Wednesday, November 26, 2014

A Brief History of the Thanksgiving Turkey Pardon, from Abraham Lincoln to Barack Obama

As it often is with political history, there are competing claims as to when the presidential tradition of "pardoning" a Thanksgiving Day holiday turkey began. Some say it dates back to the 1860s, when Abraham Lincoln's young son Tad begged his dad to spare the life of a wild turkey named "Jack" that had been sent to the Lincolns to be part of their Christmas dinner.

Others claim that the tradition began during Harry Truman's administration. Although it's true that the National Turkey Federation has been providing holiday turkeys to the White House since 1947, when Truman was in office, there's no evidence to prove that this story is true. This is what the Truman Library offered on the issue:

The Truman Library has received many requests over the years for information confirming the story that President Truman "pardoned" a Thanksgiving turkey in 1947, thus initiating a Presidential tradition that continues to this day.

The Library's staff has found no documents, speeches, newspaper clippings, photographs, or other contemporary records in our holdings which refer to Truman pardoning a turkey that he received as a gift in 1947, or at any other time during his Presidency. Truman sometimes indicated to reporters that the turkeys he received were destined for the family dinner table. In any event, the Library has been unable to determine when the tradition of pardoning the turkey actually began.


While President John F. Kennedy spared a turkey's life on November 19, 1963, just days before his assassination, he didn't use the word "pardon." Instead, the bird had a sign hanging around its neck that read, "GOOD EATING, MR. PRESIDENT!", which prompted Kennedy to quip, "Let's just keep him."

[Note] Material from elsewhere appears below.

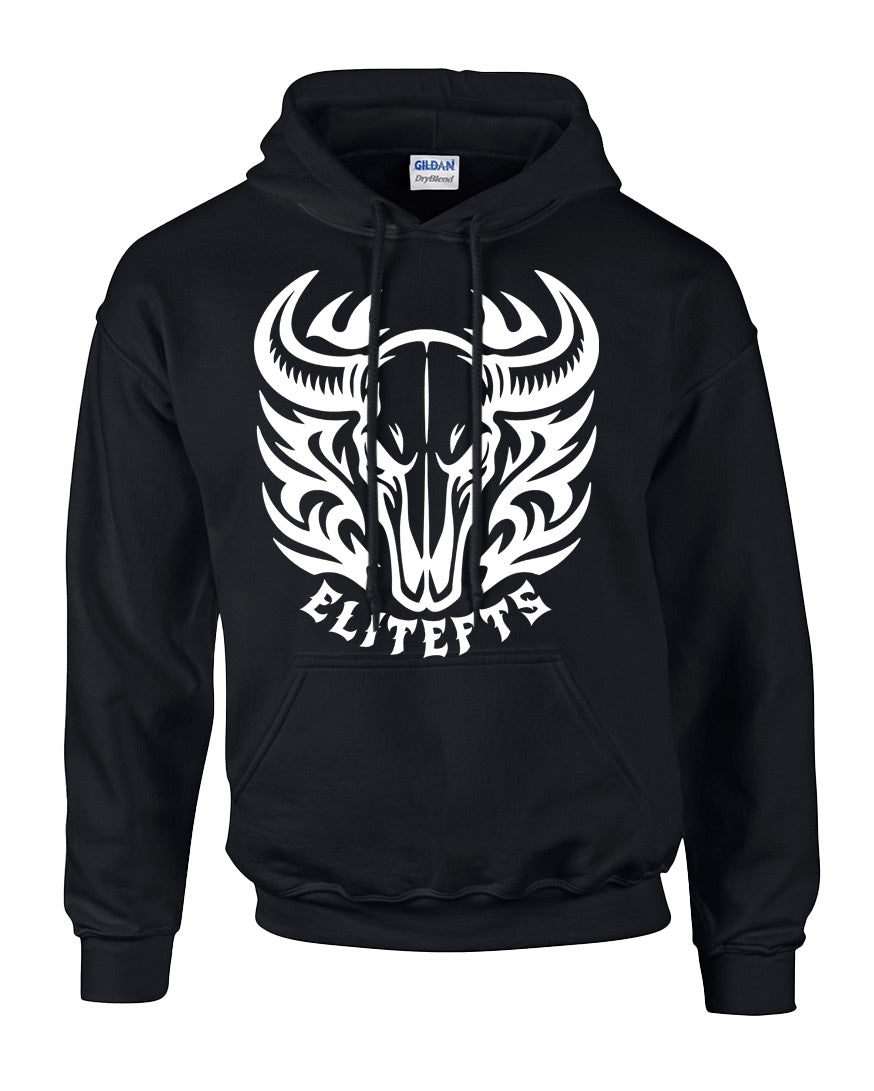elitefts Bull Skull Hoodie black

The first president to actually use the word "pardon" in reference to a holiday turkey was reportedly Ronald Reagan, who deflected questions in 1987 about pardoning Oliver North in the Iran-Contra affair by joking that he would also pardon a turkey named "Charlie," who was already heading to a local petting zoo.


Which brings us to President George H.W. Bush, who was apparently the first president to intentionally "pardon" a turkey. At the National Turkey Presentation Ceremony in 1989, Bush light-heartedly remarked to those assembled: "Let me assure you, and this fine tom turkey, that he will not end up on anyone's dinner table, not this guy - he's granted a Presidential pardon as of right now - and allow him to live out his days on a children's farm not far from here."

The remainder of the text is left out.